9. The system for correcting spectral voice deformations according to claim 8, wherein the first processing unit comprises means for calculating a partial cepstrum of the equalizer filter according to the following relationship:

Ceqp=Crefp−Cxp−CSRX−CLRXp,
wherein Ceqp, Cxp, CS—RXP and CL—RXp are respective partial cepstra of an adapted equalizer, an input signal of the equalizer filter, a reception signal and a reception line, Crefp being a reference partial cepstrum, a center of a class of the speaker; and
wherein the modulus of the equalizer filter restricted to the frequency band is calculated by discrete Fourier transform of Ceqp.
10. The system for correcting spectral voice deformations according to claim 9, wherein the first processing unit comprises a sub-assembly for calculating partial cepstrum coefficients of a speaker who is communicating and a second sub-assembly for effecting a classification of the communicating speaker, said second sub-assembly comprising a block for calculating a pitch, a block for estimating a mean pitch from the calculated pitch, and a classification block for applying a discriminating function to a vector having the mean pitch and the coefficients of the partial cepstrum for classifying the speaker as its components.
11. The system for correcting spectral voice deformations according to claim 8, wherein the first processing unit comprises a sub-assembly for calculating partial cepstrum coefficients of a speaker who is communicating and a second sub-assembly for effecting a classification of the communicating speaker, said second sub-assembly comprising a block for calculating a pitch, a block for estimating a mean pitch from the calculated pitch, and a classification block for applying a discriminating function to the vector having the mean pitch and the coefficients of the partial cepstrum for classifying the speaker as its components.
12. The system for correcting spectral voice deformations according to claim 8, further comprising:
a pre-equalizer;
wherein a signal equalized from reference spectra differentiated according to the class of the speaker is an output signal of the pre-equalizer.

1. Field of the Invention

The invention concerns a method for the multireference correction of voice spectral deformations introduced by a communication network. It also concerns a system for implementing the method.

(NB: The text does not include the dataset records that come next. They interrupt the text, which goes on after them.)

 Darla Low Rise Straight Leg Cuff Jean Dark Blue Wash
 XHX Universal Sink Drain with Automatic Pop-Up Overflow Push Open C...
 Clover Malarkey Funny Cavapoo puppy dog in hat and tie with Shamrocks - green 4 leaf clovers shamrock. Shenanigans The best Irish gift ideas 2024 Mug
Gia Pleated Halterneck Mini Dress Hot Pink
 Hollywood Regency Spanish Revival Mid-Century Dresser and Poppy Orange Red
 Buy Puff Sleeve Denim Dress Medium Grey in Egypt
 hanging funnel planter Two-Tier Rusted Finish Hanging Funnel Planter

The aim of the present invention is to improve the quality of the speech transmitted over communication networks, by offering means for correcting the spectral deformations of the speech signal, deformations caused by various links in the network transmission chain.

The description which is given of this hereinafter explicitly makes reference to the transmission of speech over “conventional” (that is to say cabled) telephone lines, but also applies to any type of communication network (fixed, mobile or other) introducing spectral deformations into the signal, the parameters taken as a reference for specifying the network having to be modified according to the network.

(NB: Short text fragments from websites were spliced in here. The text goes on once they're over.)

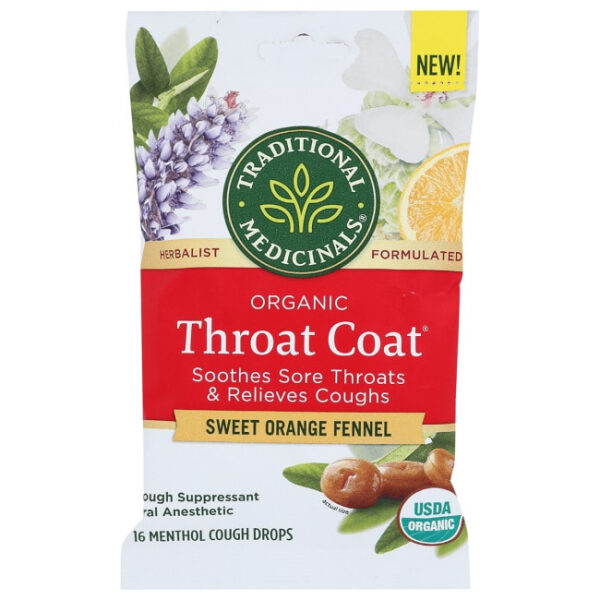 Organic Throat Coat Sweet Orange Fennel Cough Drops 16 Drops (Pack of 12)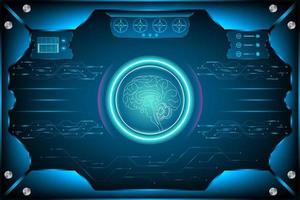 Futuristic Interface artificial intelligence. brain scan in HUD technology concept. illustration vector design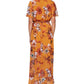 SL Fashions Women's Floral Print Maxi Dress Yellow Size16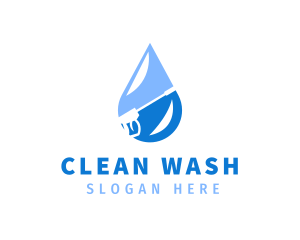 Washer - Droplet Pressure Washer logo design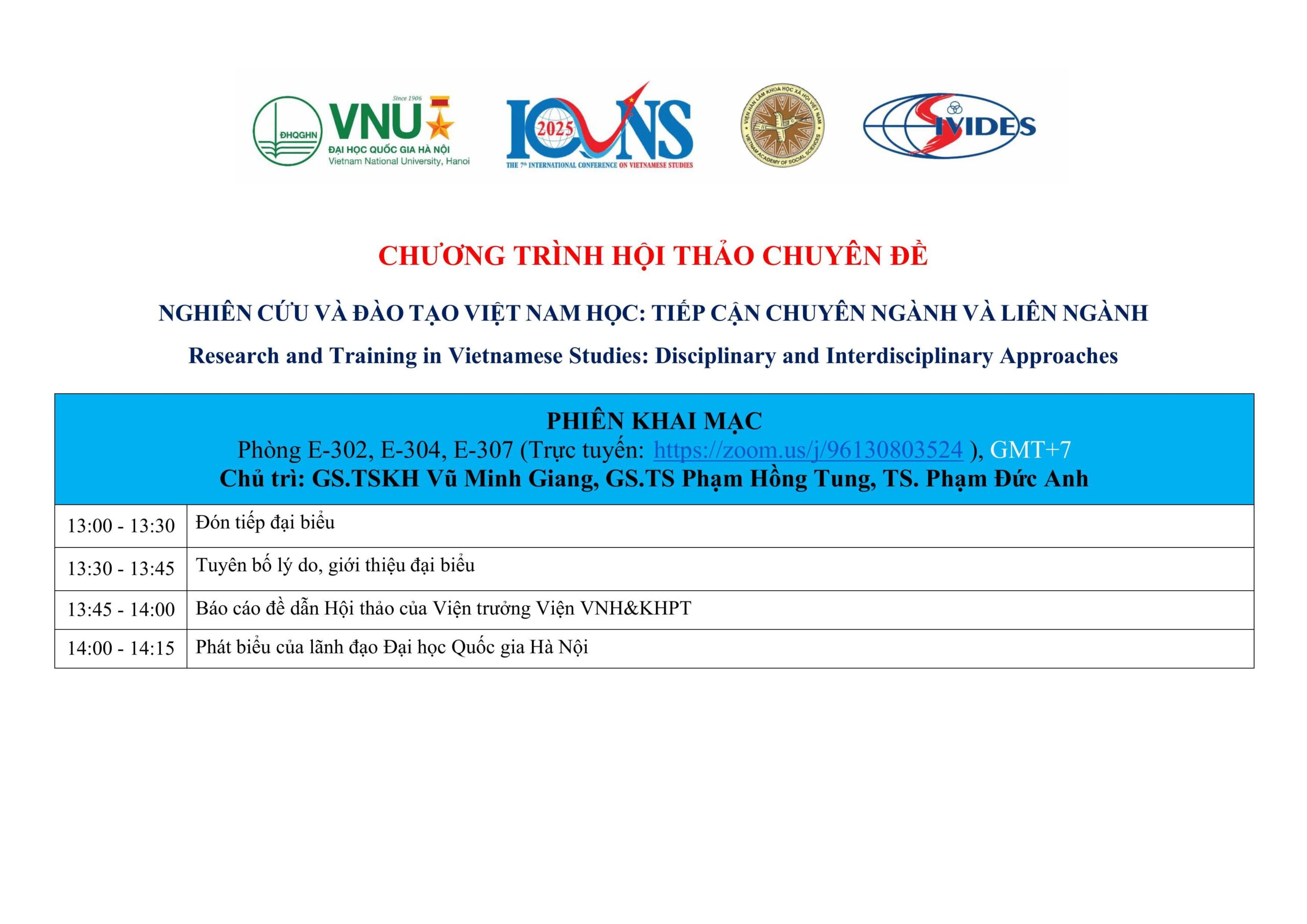 Chương trình Hội thảo chuyên đề 1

2. Description of Prior Art

The various deformations encountered in the case of the switched telephone network (STN) will be stated below.

1.1. Degradations in the Timbre of the Voice on the STN Network:

FIG. 1 depicts a diagram of an STN connection. The speech emitted by a speaker is transmitted by a sending terminal 10, is transported by the subscriber line 20, undergoes an analogue to digital conversion 30 (law A), transmitted by the digital network 40, undergoes a digital (law A) to analogue conversion 50, is transmitted by the subscriber link 60, and passes through the receiving terminal 70 in order finally to be received by the destination person.

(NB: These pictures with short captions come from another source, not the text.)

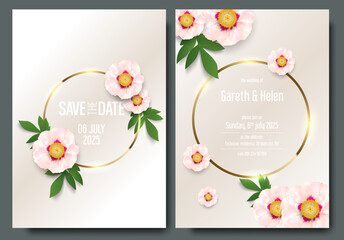 Floral wedding invitation card template design, white peony flower with leaves and golden circle logo frame. Gold round frame, flower, green leaf on creamy background. Greeting card, invitation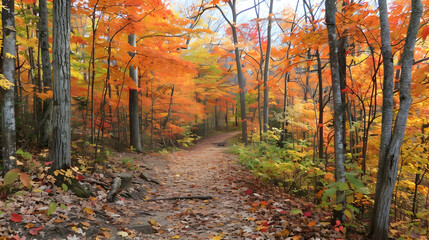 Obraz premium Autumn Forest Path Illustration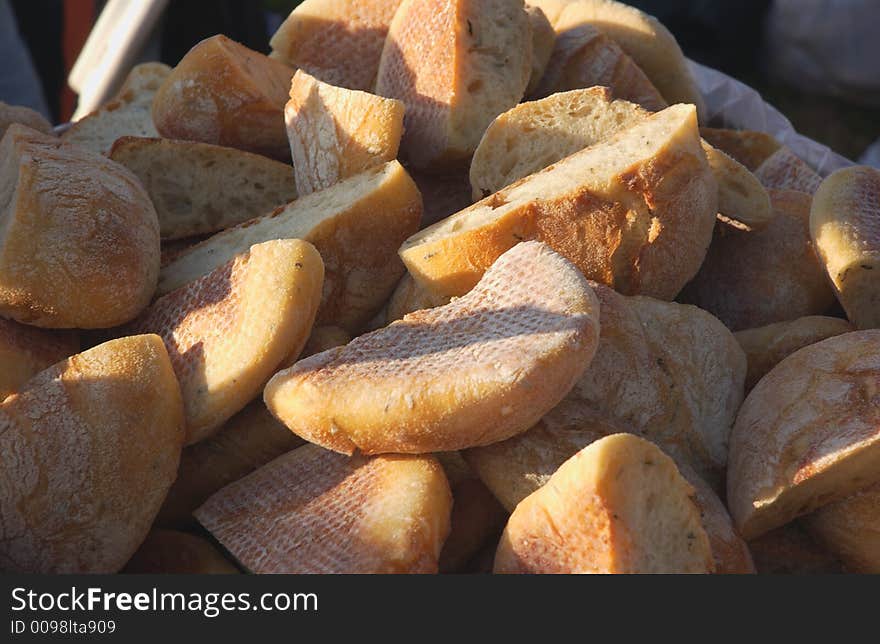 A close up of a lot of bread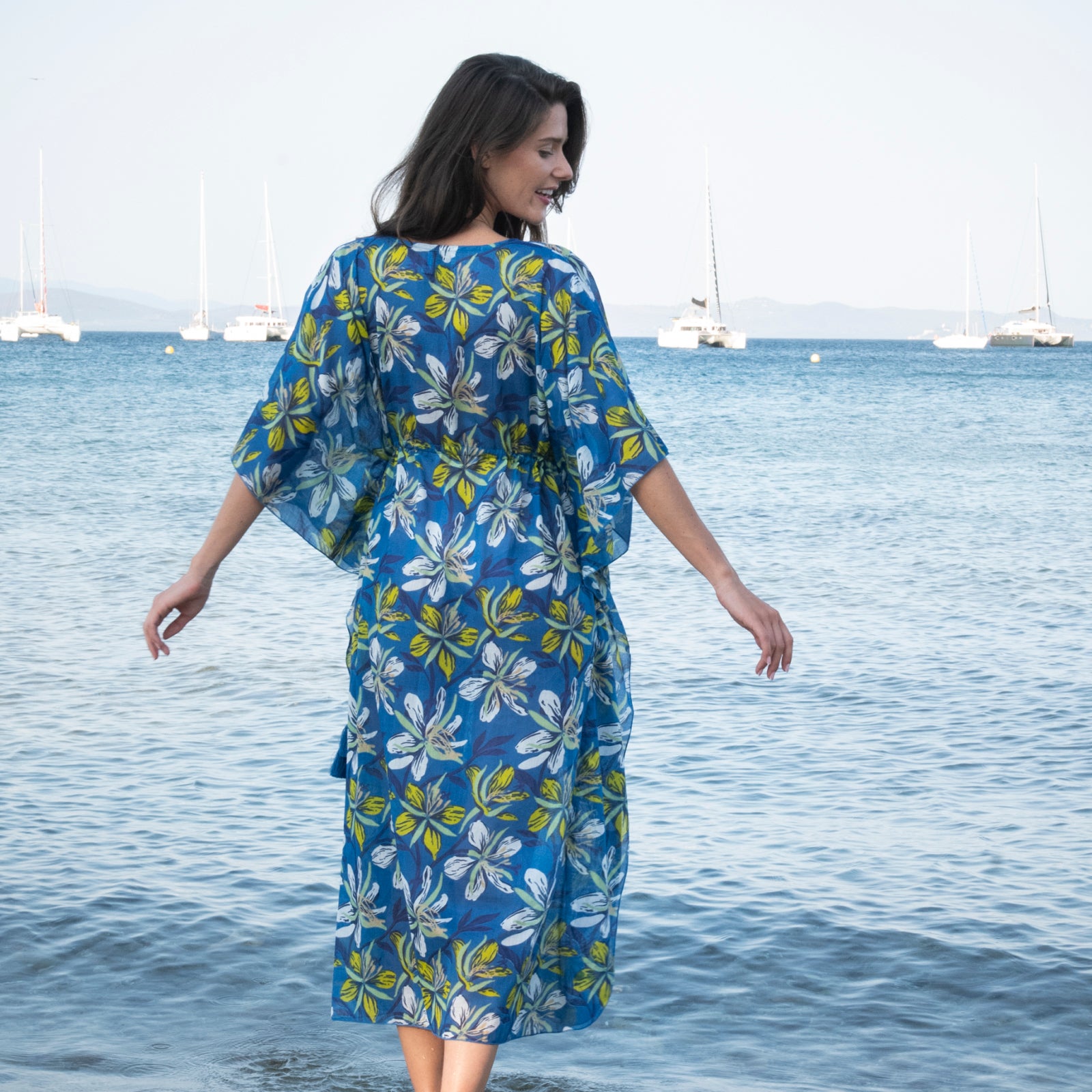 Alix Caftan Myra 100% Coton - Blue BLUE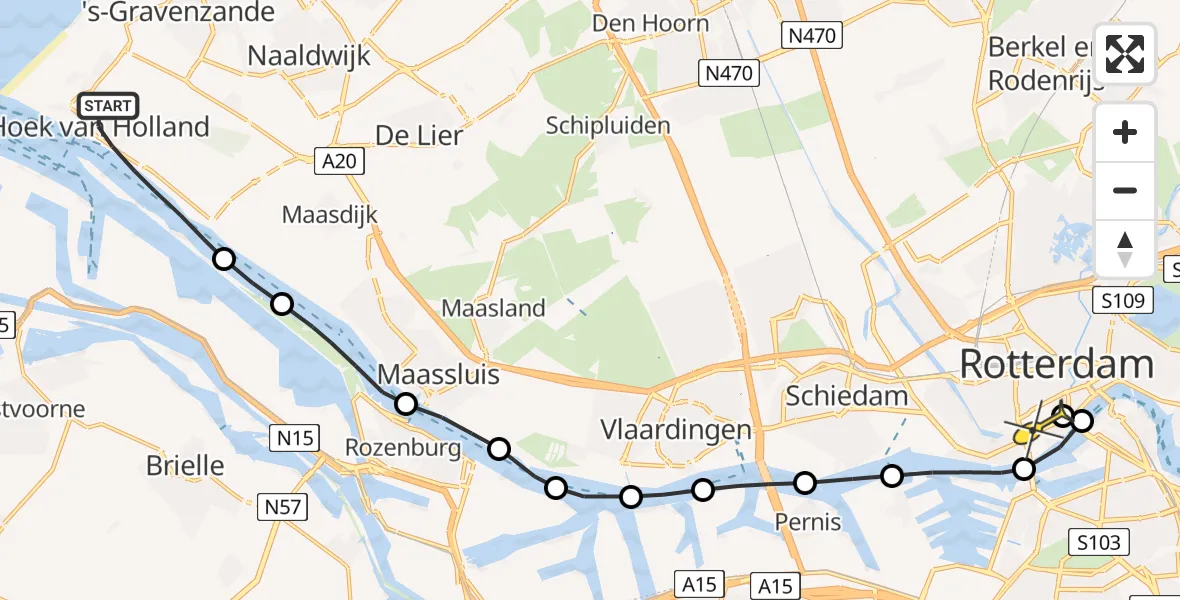 Routekaart van de vlucht: Lifeliner 2 naar Erasmus MC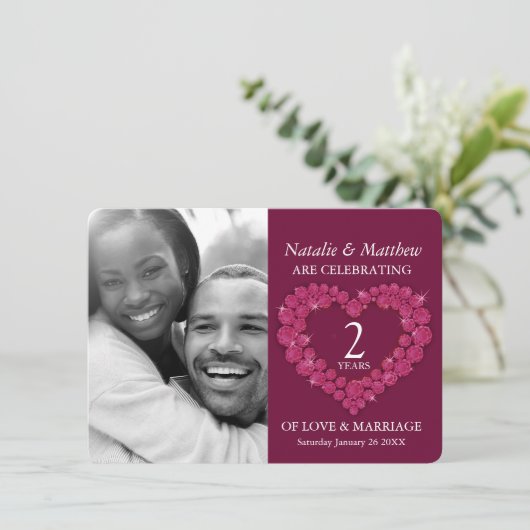 Invitation 2e anniversaire de mariage photo grenat rouge (Debout devant)
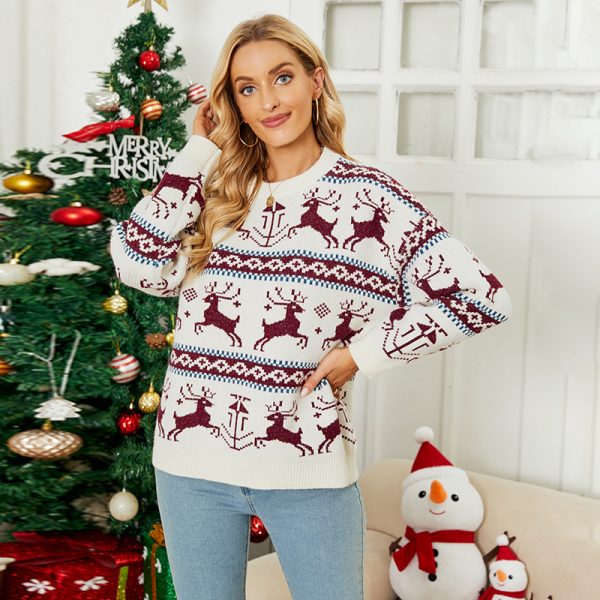 Christmas Deer Jacquard Sweater Women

Each speaker is connected by an analogue line (twisted pair) to the closest telephone exchange. This is a base band analogue transmission referenced 1 and 3 in FIG. 1. The connection between the exchanges follows an entirely digital network. The spectrum of the voice is affected by two types of distortion during the analogue transmission of the base band signal.

The first type of distortion is the bandwidth filtering of the terminals and the points of access to the digital part of the network. The typical characteristics of this filtering are described by UIT-T under the name “intermediate reference system” (IRS) (UIT-T, Recommendation P.48, 1988). These frequency characteristics, resulting from measurements made during the 1970s, are tending however to become obsolete. This is why the UIT-T has recommended since 1996 using a “modified” IRS (UIT-T, Recommendation P.830, 1996), the nominal characteristic of which is depicted in FIG. 2 for the transmission part and in FIG. 3 for the receiving part. Between 200 and 3400 Hz, the tolerance is ±2.5 dB; below 200 Hz, the decrease in the characteristic of the global system must be at least 15 dB per octave. The transmission and reception parts of the IRS are called respectively, according to the UIT-T terminology, the “transmitting system” and the “receiving system”.

The second distortion affecting the voice spectrum is the attenuation of the subscriber lines. In a simple model of the local analogue line (given in a CNET Technical Note NT/LAA/ELR/289 by Cadoret, 1983), it is considered that this introduces an attenuation of the signal whose value in dB depends on its length and is proportional to the square root of the frequency. The attenuation is 3 dB at 800 Hz for an average line (approximately 2 km), 9.5 dB at 800 Hz for longer lines (up to 10 km). According to this model, the expression for the attenuation of a line, depicted in FIG. 4, is:

A dB ( f ) = A dB ( 800 Hz ) f 800 ( 0.1 )

To these distortions there is added the anti-aliasing filtering of the MIC coder (ref 30). The latter is typically a 200-3400 Hz bandpass filter with a response which is almost flat over the bandwidth and high attenuation outside the band, according to the template in FIG. 5 for example (National Semiconductor, August 1994: Technical Documentation TP3054, TP3057).

Finally, the voice suffers spectral distortion as depicted in FIG. 6 for the various combinations of three types of analogue line in transmission and reception (that is to say 6 distortions), assuming equipment complying with the nominal characteristic of the modified SRI. The voice thus appears to be stifled if one of the analogue lines is long and in all cases suffers from a lack of “presence” due to the attenuation of the low-frequency components.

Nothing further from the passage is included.